(Entries taken from a collection)
#####

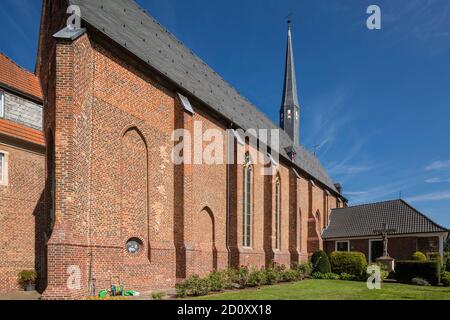 D-Borken, D-Borken-Burlo, D-Borken-Borkenwirthe, Hohe Mark Westmuensterland nature Park, Muensterland, Westphalie, Rhénanie-du-Nord-Westphalie, NRW, monastère de Mariengarden avec église catholique de rectorat et église abbatiale Saint Mary, monastère des Oblats Missionnaires de Marie Immaculée, ancienne mission Oblat de l'école secondaire de nos jours Banque D'Images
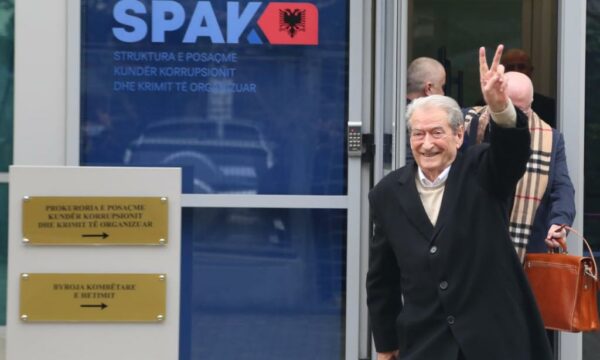 SPAK “shet”… një Sali në ballkon me 50 zyrtarë të Ramës në burg SPAK “shet”… një Sali në ballkon me 50 zyrtarë të Ramës në burg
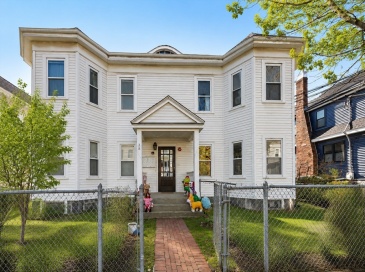 38 Berkeley Street, Somerville, Massachusetts, 10 Bedrooms Bedrooms, 22 Rooms Rooms,8 BathroomsBathrooms,Residential Income,For Sale,Berkeley Street,73552553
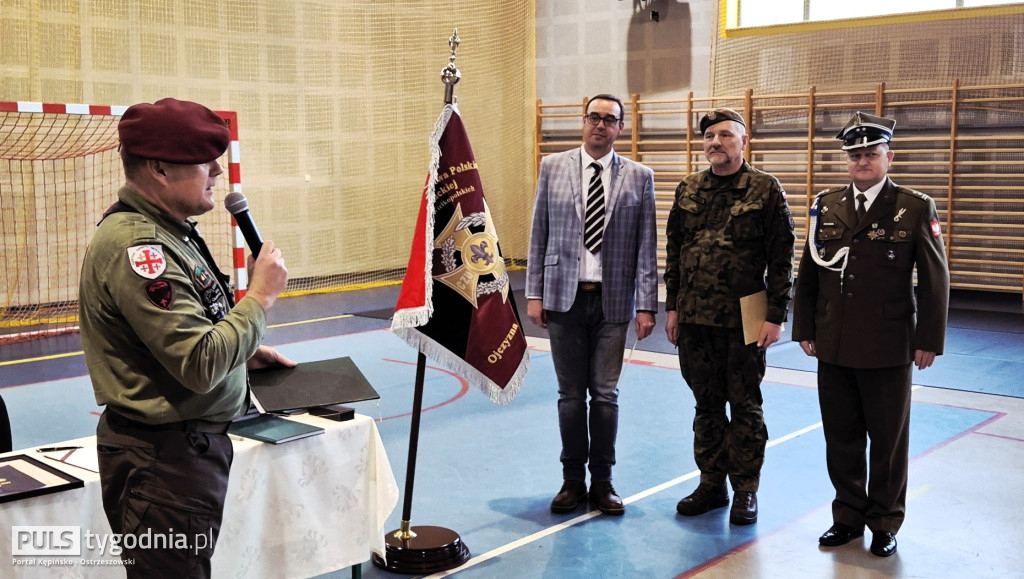 Harcerze z Mikstatu mają swój sztandar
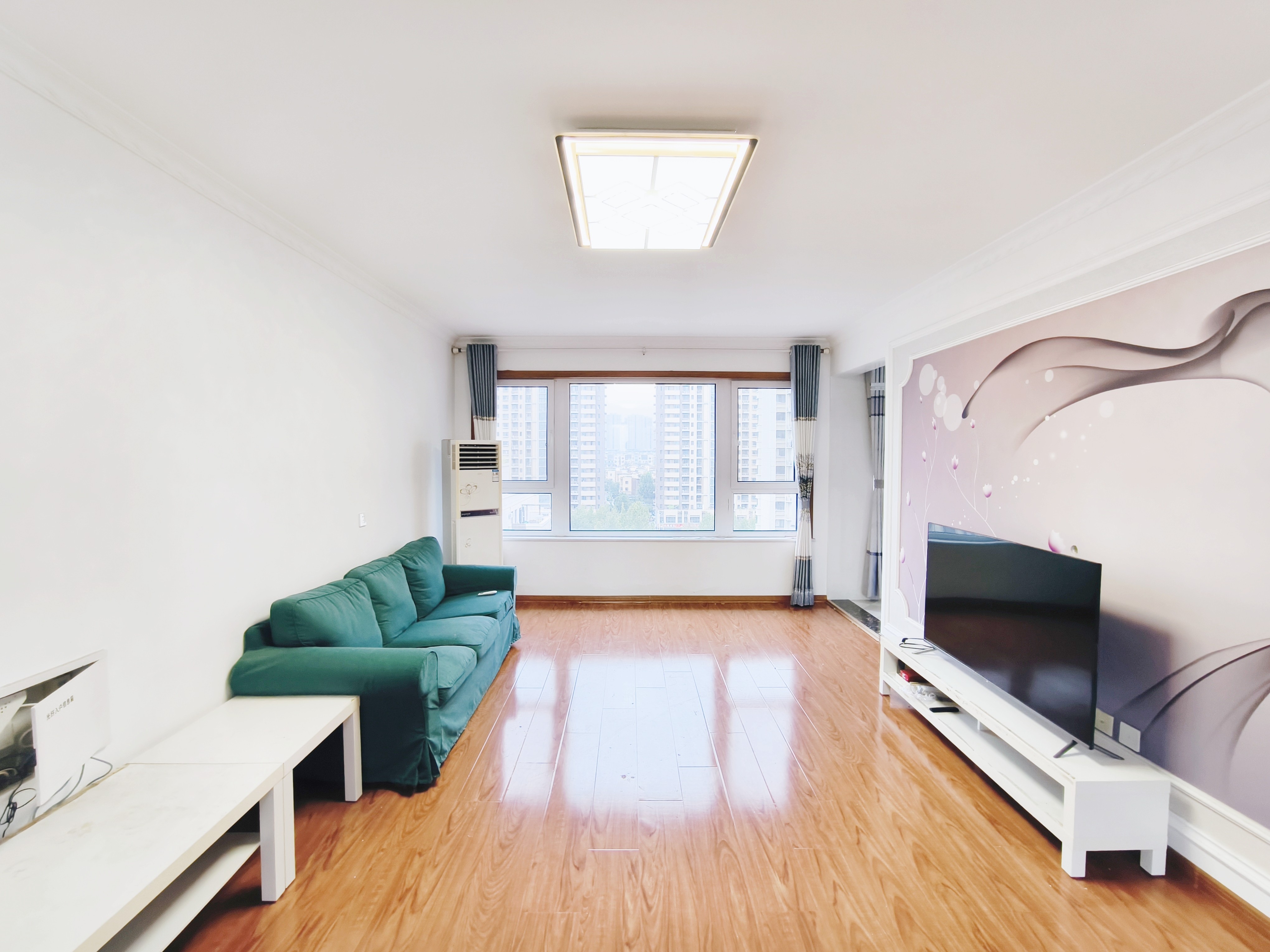  龙湖春江悦茗 南北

#####

Exercise objective:
Repeat only the lines from the one holding "në burg SPAK" through the last line of the data, inclusive. Keep the pictures out.

Exercise response:
 SPAK “shet”… një Sali në ballkon me 50 zyrtarë të Ramës në burg SPAK “shet”… një Sali në ballkon me 50 zyrtarë të Ramës në burg
 38 Berkeley Street, Somerville, Massachusetts, 10 Bedrooms Bedrooms, 22 Rooms Rooms,8 BathroomsBathrooms,Residential Income,For Sale,Berkeley Street,73552553
 Harcerze z Mikstatu mają swój sztandar
  龙湖春江悦茗 南北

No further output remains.